» Task
Find all the lines in the entries below that hold the word "über" and copy them.

☆ ☆ ☆ ☆ ☆ ☆ ☆

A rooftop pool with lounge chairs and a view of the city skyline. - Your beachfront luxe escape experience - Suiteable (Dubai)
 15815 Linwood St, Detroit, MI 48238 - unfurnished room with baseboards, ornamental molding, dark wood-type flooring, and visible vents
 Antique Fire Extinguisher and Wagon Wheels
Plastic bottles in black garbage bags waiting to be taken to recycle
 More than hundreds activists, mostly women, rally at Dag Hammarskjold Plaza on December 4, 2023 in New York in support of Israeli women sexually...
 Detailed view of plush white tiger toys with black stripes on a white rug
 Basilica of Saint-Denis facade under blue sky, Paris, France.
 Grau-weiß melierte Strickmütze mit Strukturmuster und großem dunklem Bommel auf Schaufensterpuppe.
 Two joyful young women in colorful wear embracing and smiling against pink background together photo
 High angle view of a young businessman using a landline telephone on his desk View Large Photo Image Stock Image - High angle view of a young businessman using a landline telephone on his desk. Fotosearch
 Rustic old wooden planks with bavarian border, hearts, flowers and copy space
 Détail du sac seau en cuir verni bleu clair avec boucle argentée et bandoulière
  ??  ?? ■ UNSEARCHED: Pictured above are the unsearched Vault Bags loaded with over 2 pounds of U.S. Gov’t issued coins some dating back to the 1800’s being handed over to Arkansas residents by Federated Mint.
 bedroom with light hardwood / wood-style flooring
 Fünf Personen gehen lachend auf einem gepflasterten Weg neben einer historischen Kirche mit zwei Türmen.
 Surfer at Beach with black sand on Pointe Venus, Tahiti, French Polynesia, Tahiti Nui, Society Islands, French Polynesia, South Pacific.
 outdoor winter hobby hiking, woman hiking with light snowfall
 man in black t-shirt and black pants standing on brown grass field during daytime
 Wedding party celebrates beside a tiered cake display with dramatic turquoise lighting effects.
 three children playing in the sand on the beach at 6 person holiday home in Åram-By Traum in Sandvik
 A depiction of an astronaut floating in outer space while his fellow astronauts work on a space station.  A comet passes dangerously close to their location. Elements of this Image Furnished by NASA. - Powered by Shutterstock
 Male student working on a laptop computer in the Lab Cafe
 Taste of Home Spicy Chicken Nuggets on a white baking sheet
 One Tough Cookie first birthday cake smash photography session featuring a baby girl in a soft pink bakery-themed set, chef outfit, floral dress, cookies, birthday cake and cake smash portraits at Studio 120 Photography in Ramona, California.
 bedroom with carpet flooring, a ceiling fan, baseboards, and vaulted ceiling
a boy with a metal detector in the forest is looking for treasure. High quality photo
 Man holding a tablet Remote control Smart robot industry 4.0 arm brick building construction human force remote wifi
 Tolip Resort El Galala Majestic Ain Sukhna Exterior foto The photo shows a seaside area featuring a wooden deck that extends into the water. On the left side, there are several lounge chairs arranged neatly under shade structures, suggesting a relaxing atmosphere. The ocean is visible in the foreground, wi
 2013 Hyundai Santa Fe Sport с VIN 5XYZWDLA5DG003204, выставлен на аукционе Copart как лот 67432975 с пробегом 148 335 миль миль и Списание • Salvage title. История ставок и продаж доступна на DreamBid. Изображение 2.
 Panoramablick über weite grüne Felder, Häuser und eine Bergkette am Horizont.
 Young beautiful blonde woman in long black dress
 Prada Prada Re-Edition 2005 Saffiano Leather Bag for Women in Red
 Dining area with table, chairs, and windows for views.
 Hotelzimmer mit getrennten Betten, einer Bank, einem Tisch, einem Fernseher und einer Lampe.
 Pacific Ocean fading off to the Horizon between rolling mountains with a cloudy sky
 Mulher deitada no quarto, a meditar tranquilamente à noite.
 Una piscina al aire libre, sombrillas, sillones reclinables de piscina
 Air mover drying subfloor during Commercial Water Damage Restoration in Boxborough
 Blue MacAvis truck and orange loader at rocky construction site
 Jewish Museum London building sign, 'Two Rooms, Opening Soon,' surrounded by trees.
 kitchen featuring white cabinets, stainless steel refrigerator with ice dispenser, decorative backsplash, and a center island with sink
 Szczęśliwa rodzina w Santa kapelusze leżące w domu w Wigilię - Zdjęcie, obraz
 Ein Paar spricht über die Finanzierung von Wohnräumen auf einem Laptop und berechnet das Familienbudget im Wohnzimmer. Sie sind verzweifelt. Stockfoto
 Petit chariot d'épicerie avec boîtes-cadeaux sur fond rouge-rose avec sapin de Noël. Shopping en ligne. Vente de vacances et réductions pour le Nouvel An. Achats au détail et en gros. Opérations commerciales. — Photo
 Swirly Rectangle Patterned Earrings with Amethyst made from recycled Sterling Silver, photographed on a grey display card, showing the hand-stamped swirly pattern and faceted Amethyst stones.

☆ ☆ ☆ ☆ ☆ ☆ ☆

» Response below
 Panoramablick über weite grüne Felder, Häuser und eine Bergkette am Horizont.
 Ein Paar spricht über die Finanzierung von Wohnräumen auf einem Laptop und berechnet das Familienbudget im Wohnzimmer. Sie sind verzweifelt. Stockfoto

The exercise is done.